Thanks! Will try this!

BTW stress-ng might also be a nice way to do other pathalogical things here.

Luis

2023-09-21 06:26:08

by John Hubbard

[permalink] [raw]
Subject: Re: [RFC PATCH 0/4] Enable >0 order folio memory compaction

On 9/20/23 18:16, Luis Chamberlain wrote:
> On Wed, Sep 20, 2023 at 05:55:51PM -0700, Luis Chamberlain wrote:
>> Are there other known recipes test help test this stuff?
>
> You know, it got me wondering... since how memory fragmented a system
> might be by just running fstests, because, well, we already have
> that automated in kdevops and it also has LBS support for all the
> different large block sizes on 4k sector size. So if we just had a
> way to "measure" or "quantify" memory fragmentation with a score,
> we could just tally up how we did after 4 hours of testing for each
> block size with a set of memory on the guest / target node / cloud
> system.
>
> Luis

I thought about it, and here is one possible way to quantify
fragmentation with just a single number. Take this with some
skepticism because it is a first draft sort of thing:

a) Let BLOCKS be the number of 4KB pages (or more generally, then number
of smallest sized objects allowed) in the area.

b) Let FRAGS be the number of free *or* allocated chunks (no need to
consider the size of each, as that is automatically taken into
consideration).

Then:
fragmentation percentage = (FRAGS / BLOCKS) * 100%

This has some nice properties. For one thing, it's easy to calculate.
For another, it can discern between these cases:

Assume a 12-page area:

Case 1) 6 pages allocated allocated unevenly:

1 page allocated | 1 page free | 1 page allocated | 5 pages free | 4 pages allocated

fragmentation = (5 FRAGS / 12 BLOCKS) * 100% = 41.7%

Case 2) 6 pages allocated evenly: every other page is allocated:

fragmentation = (12 FRAGS / 12 BLOCKS) * 100% = 100%



thanks,
--
John Hubbard
NVIDIA

2023-09-21 07:04:49

by Luis Chamberlain

[permalink] [raw]
Subject: Re: [RFC PATCH 0/4] Enable >0 order folio memory compaction

On Wed, Sep 20, 2023 at 05:55:51PM -0700, Luis Chamberlain wrote:
> Are there other known recipes test help test this stuff?

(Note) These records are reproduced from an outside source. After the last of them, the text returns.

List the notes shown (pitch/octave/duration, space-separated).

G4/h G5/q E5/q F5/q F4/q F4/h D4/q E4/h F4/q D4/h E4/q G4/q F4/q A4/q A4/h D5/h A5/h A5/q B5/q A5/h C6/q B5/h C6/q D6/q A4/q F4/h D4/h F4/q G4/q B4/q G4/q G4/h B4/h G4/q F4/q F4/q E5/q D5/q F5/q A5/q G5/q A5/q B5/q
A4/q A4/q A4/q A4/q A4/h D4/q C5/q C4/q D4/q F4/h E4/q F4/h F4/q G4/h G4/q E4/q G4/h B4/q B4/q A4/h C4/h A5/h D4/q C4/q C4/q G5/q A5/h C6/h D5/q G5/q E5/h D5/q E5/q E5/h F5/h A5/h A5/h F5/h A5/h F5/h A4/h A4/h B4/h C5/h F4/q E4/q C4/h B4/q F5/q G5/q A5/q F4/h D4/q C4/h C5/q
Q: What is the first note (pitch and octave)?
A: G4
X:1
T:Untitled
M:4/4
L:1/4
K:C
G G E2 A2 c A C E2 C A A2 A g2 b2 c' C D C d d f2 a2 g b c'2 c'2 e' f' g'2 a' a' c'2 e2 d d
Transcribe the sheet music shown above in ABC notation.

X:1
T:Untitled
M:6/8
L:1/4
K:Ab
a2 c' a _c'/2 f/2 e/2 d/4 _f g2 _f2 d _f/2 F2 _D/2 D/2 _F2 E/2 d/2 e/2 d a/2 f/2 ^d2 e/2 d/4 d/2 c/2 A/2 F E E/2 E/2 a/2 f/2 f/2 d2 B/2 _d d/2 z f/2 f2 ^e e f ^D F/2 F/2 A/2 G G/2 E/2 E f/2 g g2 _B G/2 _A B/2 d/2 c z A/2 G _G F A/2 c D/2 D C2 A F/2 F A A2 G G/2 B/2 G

You know, it got me wondering... since how memory fragmented a system
might be by just running fstests, because, well, we already have
that automated in kdevops and it also has LBS support for all the
different large block sizes on 4k sector size. So if we just had a
way to "measure" or "quantify" memory fragmentation with a score,
we could just tally up how we did after 4 hours of testing for each
block size with a set of memory on the guest / target node / cloud
system.

Luis

2023-09-22 02:46:36

by Zi Yan

[permalink] [raw]
Subject: Re: [RFC PATCH 0/4] Enable >0 order folio memory compaction


On 20 Sep 2023, at 23:14, Luis Chamberlain wrote:

> On Wed, Sep 20, 2023 at 07:05:25PM -0700, John Hubbard wrote:
>> On 9/20/23 18:16, Luis Chamberlain wrote:
>>> On Wed, Sep 20, 2023 at 05:55:51PM -0700, Luis Chamberlain wrote:
>>>> Are there other known recipes test help test this stuff?
>>>
>>> You know, it got me wondering... since how memory fragmented a system
>>> might be by just running fstests, because, well, we already have
>>> that automated in kdevops and it also has LBS support for all the
>>> different large block sizes on 4k sector size. So if we just had a
>>> way to "measure" or "quantify" memory fragmentation with a score,
>>> we could just tally up how we did after 4 hours of testing for each
>>> block size with a set of memory on the guest / target node / cloud
>>> system.
>>>
>>> Luis
>>
>> I thought about it, and here is one possible way to quantify
>> fragmentation with just a single number. Take this with some
>> skepticism because it is a first draft sort of thing:
>>
>> a) Let BLOCKS be the number of 4KB pages (or more generally, then number
>> of smallest sized objects allowed) in the area.
>>
>> b) Let FRAGS be the number of free *or* allocated chunks (no need to
>> consider the size of each, as that is automatically taken into
>> consideration).
>>
>> Then:
>> fragmentation percentage = (FRAGS / BLOCKS) * 100%
>>
>> This has some nice properties. For one thing, it's easy to calculate.
>> For another, it can discern between these cases:
>>
>> Assume a 12-page area:
>>
>> Case 1) 6 pages allocated allocated unevenly:
>>
>> 1 page allocated | 1 page free | 1 page allocated | 5 pages free | 4 pages allocated
>>
>> fragmentation = (5 FRAGS / 12 BLOCKS) * 100% = 41.7%
>>
>> Case 2) 6 pages allocated evenly: every other page is allocated:
>>
>> fragmentation = (12 FRAGS / 12 BLOCKS) * 100% = 100%
>
> Thanks! Will try this!
>
> BTW stress-ng might also be a nice way to do other pathalogical things here.
>
> Luis

Thanks. These are all good performance tests and a good fragmentation metric.
I would like to get it working properly first. As I mentioned in another email,
there will be tons of exploration to do to improve >0 folio memory compaction
with the consideration of:

1. the distribution of free pages,
2. the goal of compaction, e.g., to allocate a single order folio or reduce
the overall fragmentation level,
3. the runtime cost of compaction, and more.
My patchset aims to provide a reasonably working compaction functionality.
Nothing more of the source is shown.